Apostaria no “Sim” em várias situações como: redução para menos da metade dos 39 ministérios. Corte de 2/3 das 22.417 funções comissionadas de Direção e Assessoramento Superior (DAS). Férias de somente 30 dias para os membros do Legislativo e do Judiciário, como ocorre com qualquer trabalhador. Redução da quantidade de deputados federais, estaduais e vereadores. Votação imediata dos 130 projetos de lei relativos ao combate à corrupção, engavetados há anos no Congresso Nacional. Redução para 1/3 dos gastos com publicidade na União, estados e municípios.
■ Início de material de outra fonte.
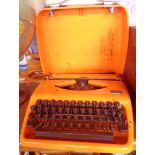 A vintage Dutch Adler Tippa typewriter in orange colourway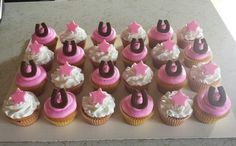 a table topped with lots of cupcakes covered in pink and brown frosting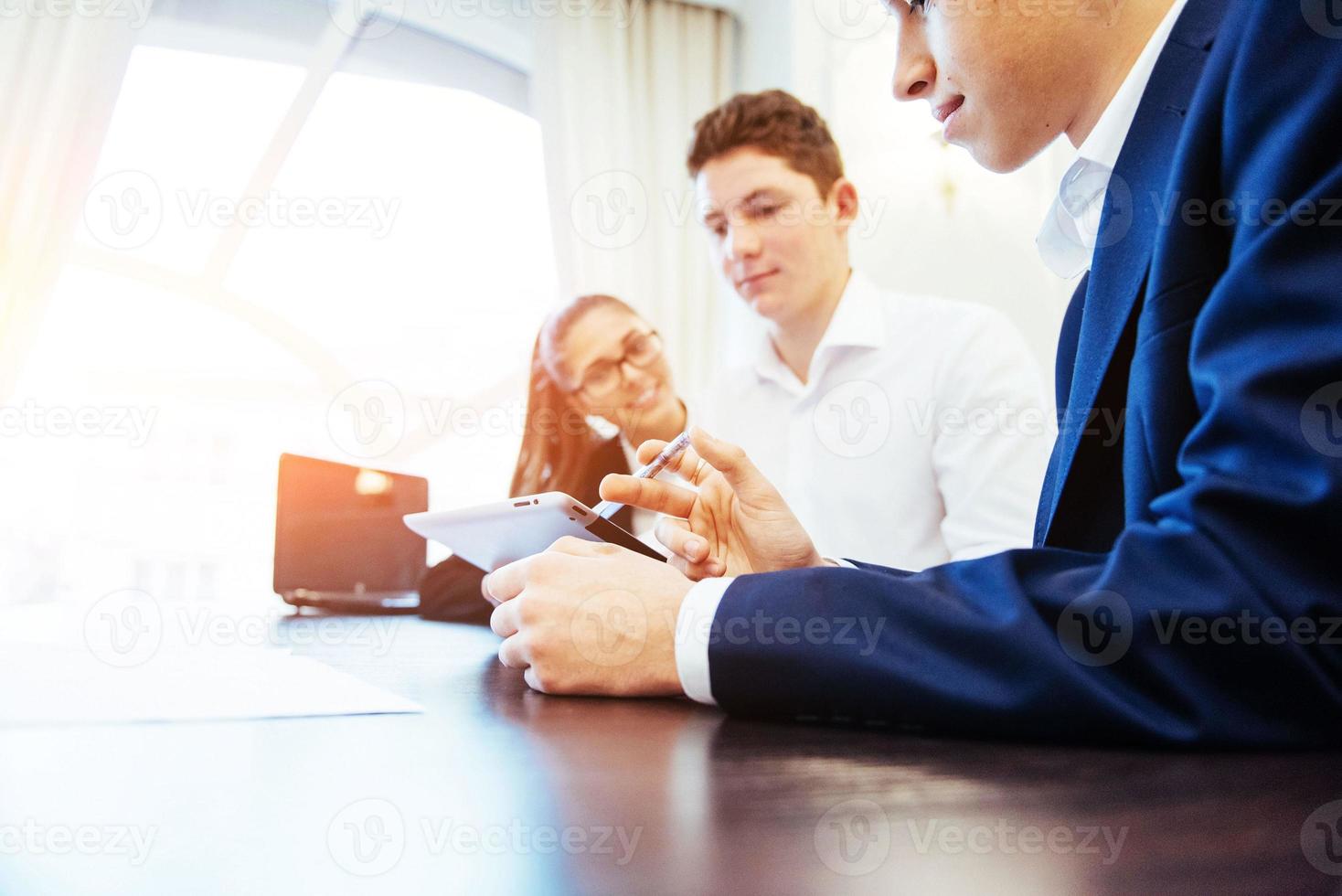 Group of students studying using a laptop photo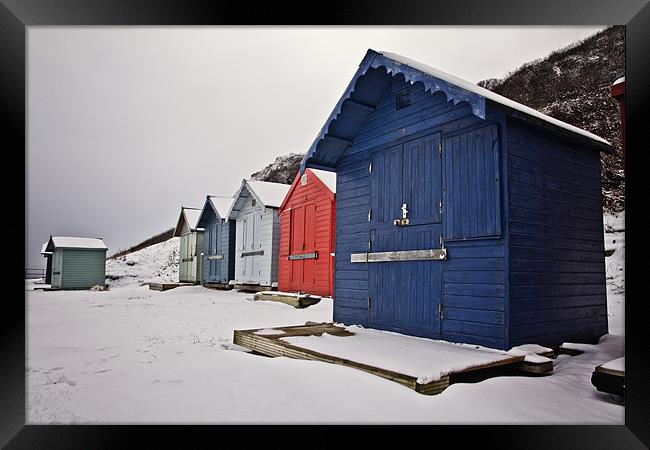 Snow Covered Beach Huts in Overstrand Framed Print by Paul Macro
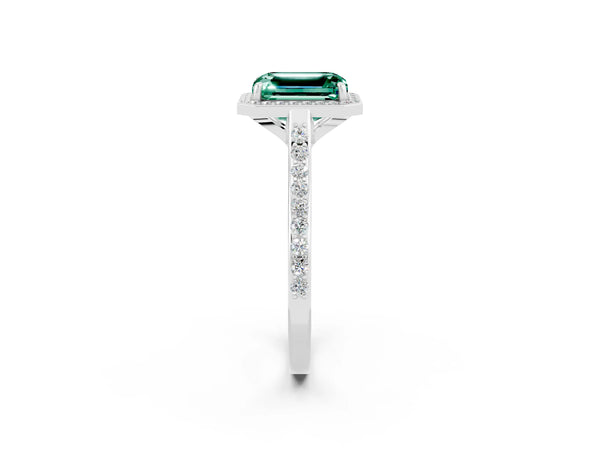 Platinum Emerald Cut Green Sapphire Halo Engagement Ring with Round Pavé Shoulders and Prong Setting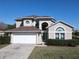 Charming two-story home featuring a manicured lawn and an attached two-car garage at 8130 Yellow Crane Dr, Kissimmee, FL 34747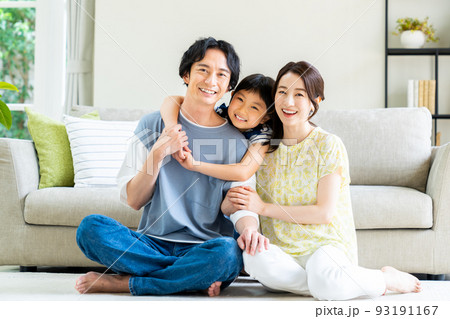 リビングでくつろぐ若い家族 93191167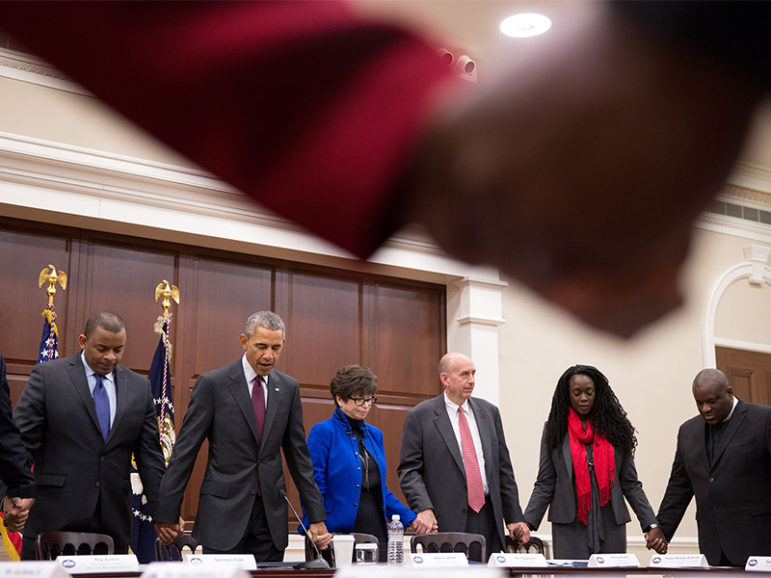 President Barack Obama joins hands with Transportation Secretary Anthony Foxx and Senior Advisor Valerie Jarrett during a prayer with African American faith and civil rights leaders prior to a meeting in the Eisenhower Executive Office Building of the White House, on Feb. 26, 2015. Photo courtesy of The White House/Pete Souza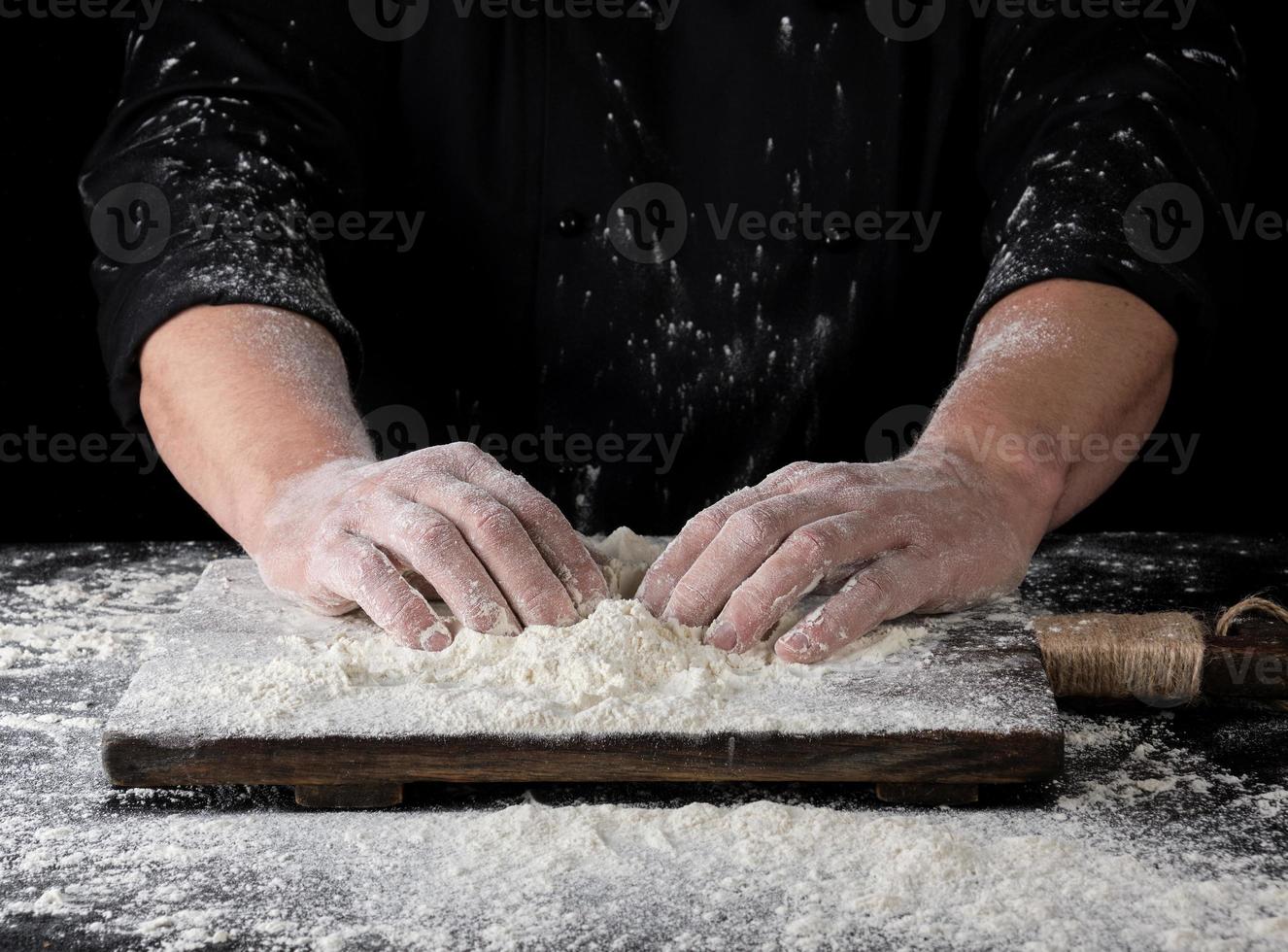 cuisinier en uniforme noir pose les deux mains sur une table photo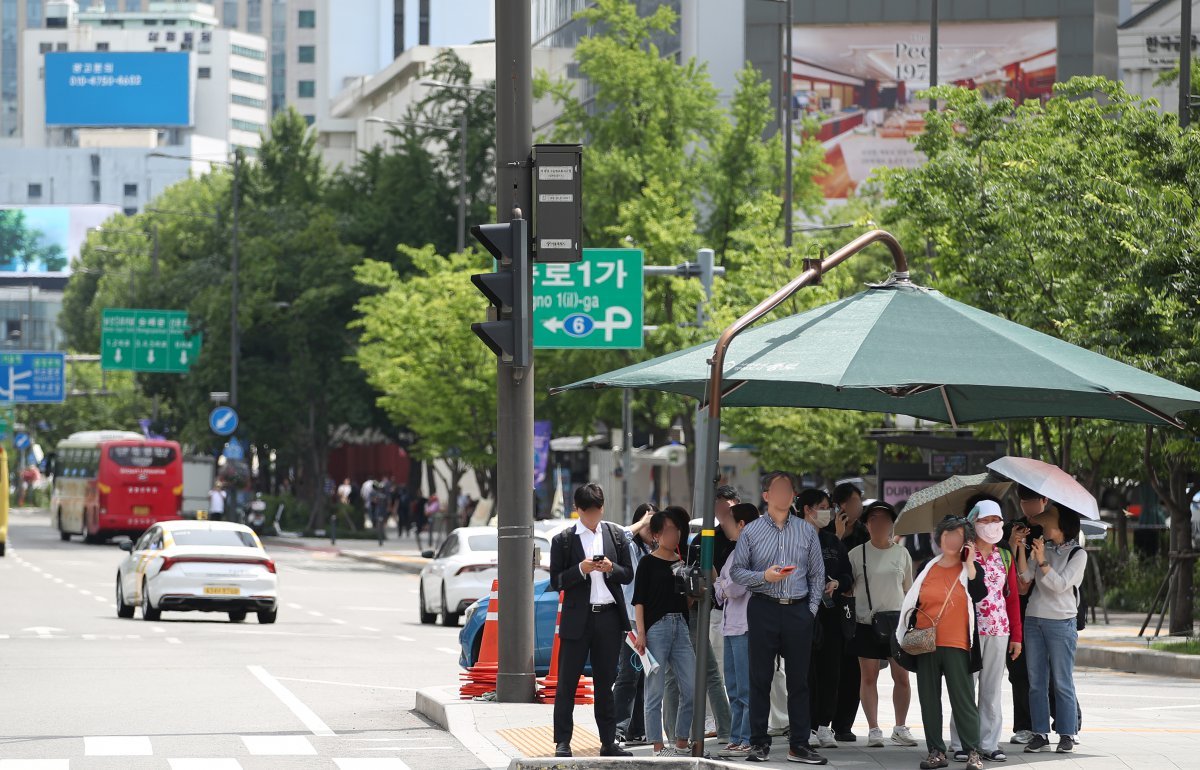 서울 낮 최고기온이 30도를 기록한 지난달 17일 서울 종로구 광화문 횡단보도에서 시민들이 그늘막 아래에 모여 햇빛을 피하고 있습니다. 그늘막과 녹지, 냉방 효율적인 건물설계 등 다양한 대응방안을 적극적으로 고민하는 것이 기후변화 시대의 건강하고 평화로운 생존법 아닐까요? 뉴스1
Julgamento imediato dos mensalões (PT, PSDB e DEM) e dos processos que envolvem parlamentares, a começar pelo do presidente do Senado. Proibição do uso de recursos públicos ou de isenções fiscais para bancar aquelas propagandas partidárias, repetidas, irritantemente, nos horários nobres. Fim dos suplentes de senadores sem votos. Maioridade penal aos 16 anos, para exterminar o “sou di menor”. Proibição para que parlamentares condenados pelo Supremo Tribunal Federal continuem legislando, a seu favor ou contra aqueles que os condenaram. Fim do voto secreto no Congresso. Ampliação da Ficha Limpa para todas as instâncias e Poderes. Fim do imposto sindical obrigatório que retira compulsoriamente do trabalhador o valor correspondente a um dia de trabalho por ano em prol de sindicatos (alguns fictícios), militantes e dirigentes com fortunas amealhadas sabe-se lá como. Esse plebiscito do bem daria um livro.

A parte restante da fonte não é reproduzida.